When we analyzed the right chamber, we determined the final pressure and final temperature using the formulas for adiabatic reversible compression (PV^γ=C) and the ideal gas law. The equation for adiabatic compression inherently included the work done on the gas by the piston. Once we knew the temperature, we calculated the change in internal energy of the gas in the right compartment, which was equal to the adiabatic work done by the piston on the gas in the right compartment. But this is also equal to the work done by the gas in the left compartment on the piston. So this is how we got the work done by the gas in the left compartment. (We could have gotten the same results by saying that the sum of the internal energy changes in the two compartments plus the energy stored in the spring has to equal the heat added, since, for the combination of the two compartments, no work is done on the surroundings).

Chet

 

[utkarshakash]

When we analyzed the right chamber, we determined the final pressure and final temperature using the formulas for adiabatic reversible compression (PV^γ=C) and the ideal gas law.

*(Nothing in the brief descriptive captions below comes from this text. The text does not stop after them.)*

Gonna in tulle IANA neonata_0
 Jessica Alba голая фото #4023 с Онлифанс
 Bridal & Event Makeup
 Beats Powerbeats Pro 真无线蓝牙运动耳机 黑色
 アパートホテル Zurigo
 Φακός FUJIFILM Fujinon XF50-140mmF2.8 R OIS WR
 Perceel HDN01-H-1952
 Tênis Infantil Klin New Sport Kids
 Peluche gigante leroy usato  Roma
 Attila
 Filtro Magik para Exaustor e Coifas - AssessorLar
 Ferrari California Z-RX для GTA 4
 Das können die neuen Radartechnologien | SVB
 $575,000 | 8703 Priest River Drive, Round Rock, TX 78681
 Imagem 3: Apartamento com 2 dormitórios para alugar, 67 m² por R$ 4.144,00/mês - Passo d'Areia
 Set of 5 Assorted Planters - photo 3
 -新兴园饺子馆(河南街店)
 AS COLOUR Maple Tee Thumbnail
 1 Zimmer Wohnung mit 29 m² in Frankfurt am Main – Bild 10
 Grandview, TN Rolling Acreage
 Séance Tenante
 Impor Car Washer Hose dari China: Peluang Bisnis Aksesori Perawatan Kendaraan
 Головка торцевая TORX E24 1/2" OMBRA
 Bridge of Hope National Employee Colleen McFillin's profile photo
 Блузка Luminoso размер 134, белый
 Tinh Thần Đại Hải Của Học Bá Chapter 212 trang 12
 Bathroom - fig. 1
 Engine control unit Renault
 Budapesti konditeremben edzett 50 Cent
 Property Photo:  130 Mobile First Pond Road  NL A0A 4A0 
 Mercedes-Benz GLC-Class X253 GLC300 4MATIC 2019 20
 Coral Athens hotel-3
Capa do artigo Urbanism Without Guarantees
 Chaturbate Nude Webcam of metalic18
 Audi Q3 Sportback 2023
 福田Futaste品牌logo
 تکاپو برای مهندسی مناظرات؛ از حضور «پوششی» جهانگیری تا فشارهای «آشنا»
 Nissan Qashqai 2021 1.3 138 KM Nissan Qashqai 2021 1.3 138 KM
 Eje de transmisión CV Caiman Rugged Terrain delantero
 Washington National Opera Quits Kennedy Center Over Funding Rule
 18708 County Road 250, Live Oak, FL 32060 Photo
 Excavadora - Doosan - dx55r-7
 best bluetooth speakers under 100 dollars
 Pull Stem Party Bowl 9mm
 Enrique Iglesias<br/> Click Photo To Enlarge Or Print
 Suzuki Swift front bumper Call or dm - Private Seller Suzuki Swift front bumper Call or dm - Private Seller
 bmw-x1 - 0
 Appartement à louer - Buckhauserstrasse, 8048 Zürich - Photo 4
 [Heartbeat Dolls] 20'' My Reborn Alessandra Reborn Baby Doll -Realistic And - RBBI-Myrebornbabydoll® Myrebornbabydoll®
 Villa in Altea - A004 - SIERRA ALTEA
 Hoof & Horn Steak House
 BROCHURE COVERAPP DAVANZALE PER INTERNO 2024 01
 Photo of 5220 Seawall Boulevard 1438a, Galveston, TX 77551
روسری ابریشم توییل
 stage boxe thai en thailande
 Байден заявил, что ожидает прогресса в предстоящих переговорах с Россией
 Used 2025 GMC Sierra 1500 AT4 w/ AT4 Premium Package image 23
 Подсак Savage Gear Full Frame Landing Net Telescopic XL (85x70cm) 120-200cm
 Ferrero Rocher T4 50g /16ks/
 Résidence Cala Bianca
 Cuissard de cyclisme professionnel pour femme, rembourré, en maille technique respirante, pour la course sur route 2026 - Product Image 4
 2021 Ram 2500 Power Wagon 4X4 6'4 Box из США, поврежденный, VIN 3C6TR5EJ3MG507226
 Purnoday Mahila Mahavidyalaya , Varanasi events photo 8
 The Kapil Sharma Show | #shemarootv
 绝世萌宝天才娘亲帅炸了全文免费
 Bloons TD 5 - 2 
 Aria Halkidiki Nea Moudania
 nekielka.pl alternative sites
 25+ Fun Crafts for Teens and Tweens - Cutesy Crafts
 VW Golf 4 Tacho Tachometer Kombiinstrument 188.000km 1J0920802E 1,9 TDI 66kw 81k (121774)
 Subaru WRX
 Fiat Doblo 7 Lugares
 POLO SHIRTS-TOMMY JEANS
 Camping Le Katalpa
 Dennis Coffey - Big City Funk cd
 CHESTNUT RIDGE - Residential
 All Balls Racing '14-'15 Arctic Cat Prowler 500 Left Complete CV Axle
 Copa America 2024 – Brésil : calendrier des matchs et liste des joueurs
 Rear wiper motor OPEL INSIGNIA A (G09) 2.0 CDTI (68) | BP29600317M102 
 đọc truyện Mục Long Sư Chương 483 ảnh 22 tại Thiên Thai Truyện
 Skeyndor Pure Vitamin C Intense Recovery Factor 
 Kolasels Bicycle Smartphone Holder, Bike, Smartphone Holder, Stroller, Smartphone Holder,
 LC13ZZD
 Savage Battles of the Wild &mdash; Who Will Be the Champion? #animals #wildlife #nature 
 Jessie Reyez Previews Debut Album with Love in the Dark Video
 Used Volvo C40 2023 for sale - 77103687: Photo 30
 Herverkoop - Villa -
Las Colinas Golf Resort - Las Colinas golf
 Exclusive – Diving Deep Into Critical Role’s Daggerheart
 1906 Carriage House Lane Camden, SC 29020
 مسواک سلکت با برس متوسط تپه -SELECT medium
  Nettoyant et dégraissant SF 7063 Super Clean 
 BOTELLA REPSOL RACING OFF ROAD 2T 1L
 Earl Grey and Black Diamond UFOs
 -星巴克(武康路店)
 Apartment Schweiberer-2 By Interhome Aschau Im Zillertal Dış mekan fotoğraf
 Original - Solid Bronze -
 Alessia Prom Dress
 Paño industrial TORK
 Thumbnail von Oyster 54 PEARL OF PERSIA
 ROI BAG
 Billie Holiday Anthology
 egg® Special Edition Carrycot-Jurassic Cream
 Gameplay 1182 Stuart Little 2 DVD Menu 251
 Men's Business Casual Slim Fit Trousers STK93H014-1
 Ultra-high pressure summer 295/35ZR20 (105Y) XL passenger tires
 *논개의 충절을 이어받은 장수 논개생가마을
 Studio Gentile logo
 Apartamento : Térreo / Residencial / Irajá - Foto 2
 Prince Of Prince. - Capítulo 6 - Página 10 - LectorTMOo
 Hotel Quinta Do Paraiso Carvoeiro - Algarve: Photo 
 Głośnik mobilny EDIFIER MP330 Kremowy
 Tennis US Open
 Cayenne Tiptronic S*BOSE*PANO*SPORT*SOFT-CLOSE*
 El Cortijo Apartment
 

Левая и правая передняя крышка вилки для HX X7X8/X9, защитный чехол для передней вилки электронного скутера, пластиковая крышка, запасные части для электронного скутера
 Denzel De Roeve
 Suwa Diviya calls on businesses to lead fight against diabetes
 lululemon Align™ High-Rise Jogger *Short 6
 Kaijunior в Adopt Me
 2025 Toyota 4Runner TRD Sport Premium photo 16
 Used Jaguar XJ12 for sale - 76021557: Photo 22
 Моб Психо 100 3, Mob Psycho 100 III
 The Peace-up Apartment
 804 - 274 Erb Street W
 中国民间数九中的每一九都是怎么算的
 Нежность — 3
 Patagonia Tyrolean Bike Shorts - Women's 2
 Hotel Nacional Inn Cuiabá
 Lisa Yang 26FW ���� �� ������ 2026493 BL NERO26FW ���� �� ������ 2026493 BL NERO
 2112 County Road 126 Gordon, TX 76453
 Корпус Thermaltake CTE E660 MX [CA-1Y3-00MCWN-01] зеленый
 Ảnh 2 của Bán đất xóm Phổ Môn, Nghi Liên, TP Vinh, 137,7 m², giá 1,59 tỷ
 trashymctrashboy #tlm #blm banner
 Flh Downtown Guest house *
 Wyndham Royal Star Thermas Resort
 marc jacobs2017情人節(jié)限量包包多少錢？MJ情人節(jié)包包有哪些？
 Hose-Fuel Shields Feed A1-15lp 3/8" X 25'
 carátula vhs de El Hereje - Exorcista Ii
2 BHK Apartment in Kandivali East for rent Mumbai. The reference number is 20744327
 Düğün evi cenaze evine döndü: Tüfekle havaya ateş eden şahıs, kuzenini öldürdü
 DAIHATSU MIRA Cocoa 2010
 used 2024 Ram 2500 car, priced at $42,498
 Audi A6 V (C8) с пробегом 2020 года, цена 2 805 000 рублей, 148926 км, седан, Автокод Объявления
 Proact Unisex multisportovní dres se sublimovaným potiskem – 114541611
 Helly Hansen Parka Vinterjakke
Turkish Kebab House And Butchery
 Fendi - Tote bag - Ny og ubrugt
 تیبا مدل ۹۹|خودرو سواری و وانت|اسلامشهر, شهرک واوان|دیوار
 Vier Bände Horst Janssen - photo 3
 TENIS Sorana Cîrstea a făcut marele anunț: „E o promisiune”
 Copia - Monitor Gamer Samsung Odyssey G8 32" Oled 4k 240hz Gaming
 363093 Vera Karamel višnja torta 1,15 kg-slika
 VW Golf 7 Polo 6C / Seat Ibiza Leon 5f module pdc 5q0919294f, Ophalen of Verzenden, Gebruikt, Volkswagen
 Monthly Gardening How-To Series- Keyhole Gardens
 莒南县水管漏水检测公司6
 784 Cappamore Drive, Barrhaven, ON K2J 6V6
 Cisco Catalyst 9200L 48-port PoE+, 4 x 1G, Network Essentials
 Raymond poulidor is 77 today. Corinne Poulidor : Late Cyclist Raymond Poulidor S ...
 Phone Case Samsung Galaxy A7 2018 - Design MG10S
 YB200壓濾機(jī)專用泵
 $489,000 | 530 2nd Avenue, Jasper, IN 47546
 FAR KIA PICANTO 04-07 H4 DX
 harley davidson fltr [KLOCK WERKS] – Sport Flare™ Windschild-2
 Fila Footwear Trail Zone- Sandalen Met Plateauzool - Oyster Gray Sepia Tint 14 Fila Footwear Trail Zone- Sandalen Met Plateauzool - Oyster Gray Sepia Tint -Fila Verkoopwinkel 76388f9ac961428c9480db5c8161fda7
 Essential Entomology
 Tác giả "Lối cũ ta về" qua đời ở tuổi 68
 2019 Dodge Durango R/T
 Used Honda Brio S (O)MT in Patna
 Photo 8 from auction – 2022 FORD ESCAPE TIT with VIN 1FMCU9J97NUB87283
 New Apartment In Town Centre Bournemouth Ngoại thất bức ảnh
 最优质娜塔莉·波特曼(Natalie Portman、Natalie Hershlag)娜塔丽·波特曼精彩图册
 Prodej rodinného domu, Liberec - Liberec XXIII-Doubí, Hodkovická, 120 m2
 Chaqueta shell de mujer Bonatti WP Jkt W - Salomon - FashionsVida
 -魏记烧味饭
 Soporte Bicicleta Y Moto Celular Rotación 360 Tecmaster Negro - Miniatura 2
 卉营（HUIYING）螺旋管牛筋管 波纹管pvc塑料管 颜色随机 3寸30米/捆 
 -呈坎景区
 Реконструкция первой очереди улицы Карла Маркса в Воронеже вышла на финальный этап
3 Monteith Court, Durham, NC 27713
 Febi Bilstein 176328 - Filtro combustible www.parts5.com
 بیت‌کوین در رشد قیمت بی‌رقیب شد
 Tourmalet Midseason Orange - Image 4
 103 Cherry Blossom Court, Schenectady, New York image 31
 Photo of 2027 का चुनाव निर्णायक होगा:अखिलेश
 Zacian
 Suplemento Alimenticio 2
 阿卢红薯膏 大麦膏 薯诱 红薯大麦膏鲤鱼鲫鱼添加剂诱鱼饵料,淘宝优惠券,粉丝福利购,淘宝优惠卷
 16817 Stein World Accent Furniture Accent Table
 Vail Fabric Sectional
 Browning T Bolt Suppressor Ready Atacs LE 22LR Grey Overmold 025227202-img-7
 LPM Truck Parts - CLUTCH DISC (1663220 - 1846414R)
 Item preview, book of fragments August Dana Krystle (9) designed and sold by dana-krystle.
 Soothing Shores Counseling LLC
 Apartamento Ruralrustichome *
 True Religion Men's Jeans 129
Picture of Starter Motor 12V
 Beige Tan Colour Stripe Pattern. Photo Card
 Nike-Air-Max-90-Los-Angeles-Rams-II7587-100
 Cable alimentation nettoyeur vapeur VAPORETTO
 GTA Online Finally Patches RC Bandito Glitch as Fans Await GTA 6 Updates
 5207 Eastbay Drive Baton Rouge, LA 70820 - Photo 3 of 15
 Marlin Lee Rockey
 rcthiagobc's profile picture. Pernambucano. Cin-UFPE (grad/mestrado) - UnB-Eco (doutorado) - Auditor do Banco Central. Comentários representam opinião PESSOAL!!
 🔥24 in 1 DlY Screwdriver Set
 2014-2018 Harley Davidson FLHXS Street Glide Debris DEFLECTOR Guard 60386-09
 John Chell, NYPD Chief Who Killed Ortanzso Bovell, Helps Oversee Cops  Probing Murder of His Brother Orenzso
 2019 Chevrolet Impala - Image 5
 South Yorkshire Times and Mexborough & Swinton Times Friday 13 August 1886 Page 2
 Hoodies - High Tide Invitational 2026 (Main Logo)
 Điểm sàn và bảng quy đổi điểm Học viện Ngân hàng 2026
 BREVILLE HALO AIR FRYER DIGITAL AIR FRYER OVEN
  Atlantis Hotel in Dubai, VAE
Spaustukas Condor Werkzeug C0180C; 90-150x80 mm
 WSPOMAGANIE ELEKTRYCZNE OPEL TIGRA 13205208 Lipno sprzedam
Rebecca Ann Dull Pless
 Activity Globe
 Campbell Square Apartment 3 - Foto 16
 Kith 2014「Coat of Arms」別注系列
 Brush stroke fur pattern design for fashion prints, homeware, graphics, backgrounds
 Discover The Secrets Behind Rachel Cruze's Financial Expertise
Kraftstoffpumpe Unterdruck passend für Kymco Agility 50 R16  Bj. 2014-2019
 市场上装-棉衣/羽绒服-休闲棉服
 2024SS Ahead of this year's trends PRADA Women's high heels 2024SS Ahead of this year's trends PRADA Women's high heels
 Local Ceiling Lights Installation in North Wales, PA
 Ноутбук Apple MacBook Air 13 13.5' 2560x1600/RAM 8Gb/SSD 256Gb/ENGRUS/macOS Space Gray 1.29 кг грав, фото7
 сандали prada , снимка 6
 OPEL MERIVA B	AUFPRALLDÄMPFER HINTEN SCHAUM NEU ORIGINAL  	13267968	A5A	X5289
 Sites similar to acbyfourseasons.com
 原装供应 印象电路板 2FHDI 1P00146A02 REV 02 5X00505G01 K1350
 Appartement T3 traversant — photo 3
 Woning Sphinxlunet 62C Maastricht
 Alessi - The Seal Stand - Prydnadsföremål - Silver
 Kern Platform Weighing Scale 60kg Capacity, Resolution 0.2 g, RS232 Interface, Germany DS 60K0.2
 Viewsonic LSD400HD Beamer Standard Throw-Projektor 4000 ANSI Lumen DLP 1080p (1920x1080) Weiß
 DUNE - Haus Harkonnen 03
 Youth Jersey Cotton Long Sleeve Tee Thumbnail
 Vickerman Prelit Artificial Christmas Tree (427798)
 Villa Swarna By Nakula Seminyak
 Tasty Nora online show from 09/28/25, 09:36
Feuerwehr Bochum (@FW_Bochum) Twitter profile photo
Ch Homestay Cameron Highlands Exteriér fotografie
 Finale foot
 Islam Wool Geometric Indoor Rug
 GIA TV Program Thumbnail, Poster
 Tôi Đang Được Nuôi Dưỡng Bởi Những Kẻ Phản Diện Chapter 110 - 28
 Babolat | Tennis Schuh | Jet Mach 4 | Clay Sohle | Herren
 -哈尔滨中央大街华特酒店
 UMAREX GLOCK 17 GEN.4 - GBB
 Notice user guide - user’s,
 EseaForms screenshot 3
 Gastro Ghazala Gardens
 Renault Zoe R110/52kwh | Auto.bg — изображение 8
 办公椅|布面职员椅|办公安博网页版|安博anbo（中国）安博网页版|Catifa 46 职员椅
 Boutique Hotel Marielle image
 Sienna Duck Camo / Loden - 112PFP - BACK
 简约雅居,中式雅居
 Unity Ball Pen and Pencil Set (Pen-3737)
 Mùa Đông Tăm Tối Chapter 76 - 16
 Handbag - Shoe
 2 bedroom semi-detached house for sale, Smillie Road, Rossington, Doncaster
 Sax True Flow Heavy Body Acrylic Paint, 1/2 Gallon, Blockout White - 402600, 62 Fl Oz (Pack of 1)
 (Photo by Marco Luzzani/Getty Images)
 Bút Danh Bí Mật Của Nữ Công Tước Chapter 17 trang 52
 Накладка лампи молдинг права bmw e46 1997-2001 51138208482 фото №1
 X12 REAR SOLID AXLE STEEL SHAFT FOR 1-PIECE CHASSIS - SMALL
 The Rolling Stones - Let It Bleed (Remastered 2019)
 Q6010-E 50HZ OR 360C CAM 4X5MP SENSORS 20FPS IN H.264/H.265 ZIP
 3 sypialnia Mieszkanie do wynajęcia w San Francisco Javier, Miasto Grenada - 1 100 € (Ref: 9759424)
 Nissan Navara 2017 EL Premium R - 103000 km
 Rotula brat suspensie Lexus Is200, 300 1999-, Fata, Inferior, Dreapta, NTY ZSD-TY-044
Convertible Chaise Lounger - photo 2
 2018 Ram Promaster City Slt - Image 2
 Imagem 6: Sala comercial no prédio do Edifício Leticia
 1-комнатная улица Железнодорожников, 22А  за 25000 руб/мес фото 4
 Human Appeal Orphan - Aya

The equation for adiabatic compression inherently included the work done on the gas by the piston. Once we knew the temperature, we calculated the change in internal energy of the gas in the right compartment, which was equal to the adiabatic work done by the piston on the gas in the right compartment. But this is also equal to the work done by the gas in the left compartment on the piston. So this is how we got the work done by the gas in the left compartment. (We could have gotten the same results by saying that the sum of the internal energy changes in the two compartments has to equal the heat added, since, for the combination of the two compartments, no work is done on the surroundings).

Chet

Thanks for your help.

P.S.- Is there any good book which you'd like to recommend on Thermodynamics? You see, I'm very weak in it.

 

[Chestermiller]

Thanks for your help.

P.S.- Is there any good book which you'd like to recommend on Thermodynamics? You see, I'm very weak in it.

I don't think you are weak in it at all. You seem to have a better sense than most people learning the subject about the fundamentals, and you seem to have good intuition (and mathematical ability). I haven't really ever found a thermo book that I'm happy with. My daughter used Introduction to Chemical Engineering Thermodynamics by Smith and Van Ness, and I thought that was pretty OK. The best thing you can do is practice doing a lot of problems. I think the problems I've seen you working on are very instructive.

Please also note that I added a few words about the spring to my previous response.

Chet

 

[utkarshakash]

I don't think you are weak in it at all. You seem to have a better sense than most people learning the subject about the fundamentals, and you seem to have good intuition (and mathematical ability). I haven't really ever found a thermo book that I'm happy with. My daughter used Introduction to Chemical Engineering Thermodynamics by Smith and Van Ness, and I thought that was pretty OK. The best thing you can do is practice doing a lot of problems. I think the problems I've seen you working on are very instructive.

Please also note that I added a few words about the spring to my previous response.

Chet

Thanks for your valuable suggestions.